De Lyon a la WSL: aquí no hay días al 60%
Bompastor conoce bien el paisaje europeo. Su comparación entre la WSL y su etapa en Lyon es tan directa como reveladora.
«Lo he dicho antes, pero cuando vienes aquí ves la diferencia entre esta liga y las otras en Europa. Cuando estaba en Lyon, en el 80 por ciento de los partidos podíamos jugar al 60 por ciento y era suficiente para ganar».
En Francia, podía permitirse tirar de la academia sin que temblara el resultado. «Podía jugar algunos partidos con jugadoras de la cantera y seguir ganando. Aquí no es el caso».
En Inglaterra, cada jornada muerde. «Aquí tienes que competir en cada partido de liga porque cada encuentro te plantea un reto distinto. A veces es un desafío físico.

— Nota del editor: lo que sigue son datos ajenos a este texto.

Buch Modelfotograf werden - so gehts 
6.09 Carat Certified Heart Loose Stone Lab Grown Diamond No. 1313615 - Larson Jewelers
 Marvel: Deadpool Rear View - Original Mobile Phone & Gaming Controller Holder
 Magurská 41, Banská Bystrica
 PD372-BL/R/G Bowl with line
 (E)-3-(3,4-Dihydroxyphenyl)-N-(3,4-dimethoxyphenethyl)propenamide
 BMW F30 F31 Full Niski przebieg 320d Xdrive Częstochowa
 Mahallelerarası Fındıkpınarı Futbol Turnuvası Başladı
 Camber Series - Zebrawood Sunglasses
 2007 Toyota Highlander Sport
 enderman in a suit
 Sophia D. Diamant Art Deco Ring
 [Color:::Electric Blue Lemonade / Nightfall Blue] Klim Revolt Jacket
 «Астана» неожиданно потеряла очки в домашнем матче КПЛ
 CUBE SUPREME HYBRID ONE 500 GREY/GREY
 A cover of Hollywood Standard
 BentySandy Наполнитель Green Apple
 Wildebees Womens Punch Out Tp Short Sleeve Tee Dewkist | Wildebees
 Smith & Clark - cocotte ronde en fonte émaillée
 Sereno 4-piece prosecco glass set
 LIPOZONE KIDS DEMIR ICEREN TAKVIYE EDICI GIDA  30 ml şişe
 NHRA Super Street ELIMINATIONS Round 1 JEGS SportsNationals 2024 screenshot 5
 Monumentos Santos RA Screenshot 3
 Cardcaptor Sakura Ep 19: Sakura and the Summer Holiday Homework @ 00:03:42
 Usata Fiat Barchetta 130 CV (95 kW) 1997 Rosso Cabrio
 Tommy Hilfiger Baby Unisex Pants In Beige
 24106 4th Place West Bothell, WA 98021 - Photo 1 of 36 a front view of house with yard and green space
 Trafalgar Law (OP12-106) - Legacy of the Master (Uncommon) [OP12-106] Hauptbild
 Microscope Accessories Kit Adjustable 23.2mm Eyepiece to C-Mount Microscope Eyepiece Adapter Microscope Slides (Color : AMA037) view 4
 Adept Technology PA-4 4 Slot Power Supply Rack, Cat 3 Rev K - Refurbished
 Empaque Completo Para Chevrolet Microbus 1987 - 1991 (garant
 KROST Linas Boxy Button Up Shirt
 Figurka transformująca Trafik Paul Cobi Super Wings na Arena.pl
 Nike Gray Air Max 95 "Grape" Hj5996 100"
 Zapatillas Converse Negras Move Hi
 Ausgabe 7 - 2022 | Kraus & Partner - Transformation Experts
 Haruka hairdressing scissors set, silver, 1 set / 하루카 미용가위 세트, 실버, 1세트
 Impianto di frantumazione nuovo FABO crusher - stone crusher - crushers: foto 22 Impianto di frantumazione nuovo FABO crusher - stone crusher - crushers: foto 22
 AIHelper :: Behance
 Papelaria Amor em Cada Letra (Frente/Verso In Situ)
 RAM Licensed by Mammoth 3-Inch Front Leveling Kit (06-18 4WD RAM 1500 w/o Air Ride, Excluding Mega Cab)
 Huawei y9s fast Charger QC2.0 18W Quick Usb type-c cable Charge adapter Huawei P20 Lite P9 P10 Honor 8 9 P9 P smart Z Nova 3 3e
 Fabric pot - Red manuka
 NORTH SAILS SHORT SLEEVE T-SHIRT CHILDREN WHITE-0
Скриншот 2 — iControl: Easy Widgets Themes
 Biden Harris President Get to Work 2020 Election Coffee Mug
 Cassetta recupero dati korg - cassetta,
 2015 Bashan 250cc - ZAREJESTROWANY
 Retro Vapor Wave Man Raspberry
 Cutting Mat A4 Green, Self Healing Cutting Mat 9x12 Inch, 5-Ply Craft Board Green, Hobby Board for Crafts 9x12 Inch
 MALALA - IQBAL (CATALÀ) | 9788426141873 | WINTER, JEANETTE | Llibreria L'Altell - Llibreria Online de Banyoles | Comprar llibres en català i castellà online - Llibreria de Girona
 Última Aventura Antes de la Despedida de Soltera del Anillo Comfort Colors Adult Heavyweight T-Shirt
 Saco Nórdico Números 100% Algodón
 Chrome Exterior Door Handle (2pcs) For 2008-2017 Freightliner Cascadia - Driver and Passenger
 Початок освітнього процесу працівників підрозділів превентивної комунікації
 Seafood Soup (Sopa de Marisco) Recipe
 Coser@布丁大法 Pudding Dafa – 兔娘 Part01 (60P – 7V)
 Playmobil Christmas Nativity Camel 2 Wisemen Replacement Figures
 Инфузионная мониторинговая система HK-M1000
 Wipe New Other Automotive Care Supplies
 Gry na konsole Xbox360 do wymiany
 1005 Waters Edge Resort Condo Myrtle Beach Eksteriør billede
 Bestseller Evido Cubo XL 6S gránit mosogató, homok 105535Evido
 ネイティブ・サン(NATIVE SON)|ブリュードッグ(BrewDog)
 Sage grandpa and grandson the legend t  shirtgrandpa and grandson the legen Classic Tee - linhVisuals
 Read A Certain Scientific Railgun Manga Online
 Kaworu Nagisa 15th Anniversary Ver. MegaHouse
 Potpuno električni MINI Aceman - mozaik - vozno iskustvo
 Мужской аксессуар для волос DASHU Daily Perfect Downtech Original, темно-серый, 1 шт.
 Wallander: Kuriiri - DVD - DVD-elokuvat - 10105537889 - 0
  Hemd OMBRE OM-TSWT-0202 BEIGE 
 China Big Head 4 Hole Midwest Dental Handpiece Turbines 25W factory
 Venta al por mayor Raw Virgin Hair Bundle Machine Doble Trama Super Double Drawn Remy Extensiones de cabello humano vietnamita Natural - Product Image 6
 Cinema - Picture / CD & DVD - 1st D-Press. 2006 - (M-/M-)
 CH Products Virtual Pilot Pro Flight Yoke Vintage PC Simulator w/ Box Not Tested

A veces es un partido duro porque son grandes clubes. A veces es un reto táctico. Tienes que asegurarte de estar lista para cada partido. No hay espacio para bajar un poco, porque cuando lo haces, pierdes o dejas puntos».
Ese es el nuevo ecosistema de Chelsea: un entorno donde el margen de error se ha reducido al mínimo mientras el resto de aspirantes se profesionaliza a velocidad de crucero.
Un verano de decisiones
Bompastor lo resume en una frase que suena a hoja de ruta más que a eslogan: «Nuestro trabajo es reflexionar y asegurarnos de tomar las decisiones correctas para el futuro».
El club que marcó el camino ahora debe reinventar su ventaja. La pregunta ya está sobre la mesa. La respuesta llegará en el próximo mercado, en la próxima pretemporada, en el próximo título que se juegue a un detalle.